Terminadas las pláticas oficiales se entabló entre los representantes revolucionarios y el General Sanguínes una plática sino amistosa sí cortés y afable. Al final y ya de despedida el General Sanguínes reasumió su tiesura de soldado a la antigua moda y dijo con gravedad:

— Señores Licenciado García y Mayores Mayorga y Vega Sánchez, he tenido satisfacción y honra en haberlos conocido y les deseo felicidades y éxito en su carrera, les ruego saludar en mi nombre al señor General Flores de quien tengo los mejores informes y expreso mis votos por su felicidad personal y porque tenga éxito en el gobierno de éste Estado al que he llegado a querer y al que lamento no haber hecho el bien que deseé por impedírmelo  las circunstancias adversas en que he actuado, aunque tengo la satisfacción de creer que por lo menos le he evitado muchos de los males inherentes a los tiempos calamitosos que vivimos. Por lo que hace a usted señor González Cuellar, cumple a mi dignidad de soldado y caballero hacer constar que si le he dirigido la palabra con alguna atención y cortesía ha sido debido a la investidura de parlamentario que no me explico por qué ostenta usted,  me atrevo a creer aunque me atrevo a creer que es porque el señor General Flores ignora sus antecedentes. Tal vez usted piensa que yo no lo he reconocido por la categoría de general que viene usted ostentando, pero si sé y deseo que lo sepan también los señores presentes, que es usted el mismo Capitán de Rurales que desertó hace poco de su puesto y traicionó su bandera pasándose al enemigo con la fuerza que el Gobierno le había confiado, el mismo indigno Oficial que en el momento mismo de consumar su traición me telegrafió rindiendo parte ‘‘sin novedad’’. Lamento mucho su condición de parlamentario me prive de la satisfacción de prenderlo y consignarlo a un consejo de Guerra.

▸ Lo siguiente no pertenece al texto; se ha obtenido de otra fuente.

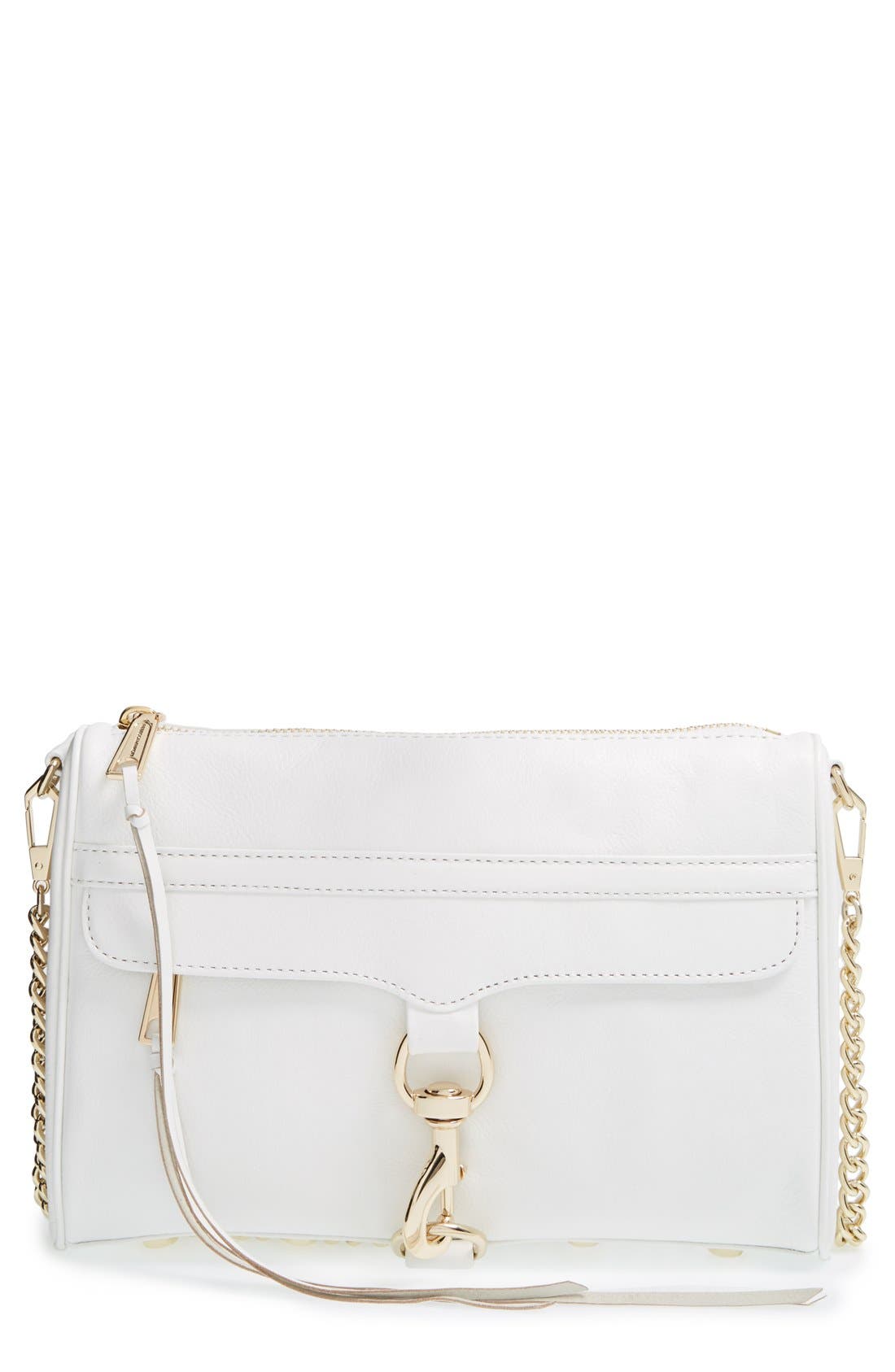 'MAC' Convertible Crossbody Bag, Main, color, WHITE/ LIGHT GOLD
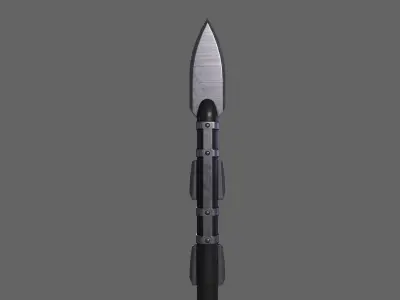 PBR Spear V1a Low-poly 3D model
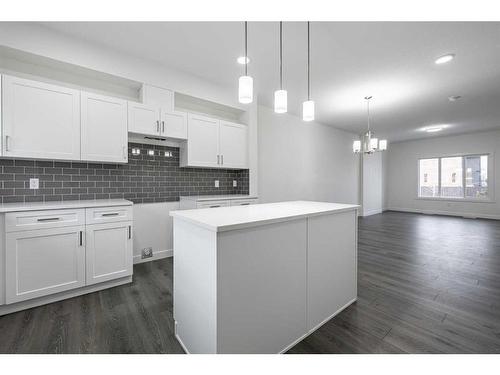 3555 Chestermere Boulevard, Chestermere, AB - Indoor Photo Showing Kitchen With Upgraded Kitchen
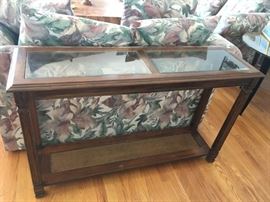 Wood/Glass Sofa Table! Great for TV's too!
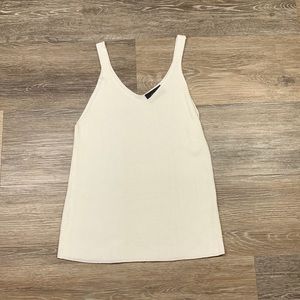 Vici White knitted tank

Después de ésta ominosa escena la despedida hubo de ser breve y severa. García, Mayorga y Vega Sánchez se limitaron a dar la mano al viejo soldado y murmurar un simple hasta luego. González Cuellar salió silencioso y conturbado.

 

Zimapán, Hidalgo, diciembre de 1953.

Polioptro F. Martínez.

 

Nota:

Después de que escribí originalmente el anterior relato tuve conocimiento y constaté que el Señor Carlos Raigadas Jáuregui, con quien me unen lazos de parentesco y vieja amistad había asistido, en calidad de Teniente Ayudante del Licenciado y Coronel García a la entrevista que se reseña. He obtenido de él un relato escrito que es por sí mismo un valioso testimonio y que se avalora mayormente por ser el señor Raigadas probablemente el único superviviente de quienes a ella concurrieron; coincide substancialmente con la relación que escuché de Alfonso Mayorga y de Rafael Vega Sánchez, pero me ha servido para aclarar algunos detalles y agregar otros que el original no tenía.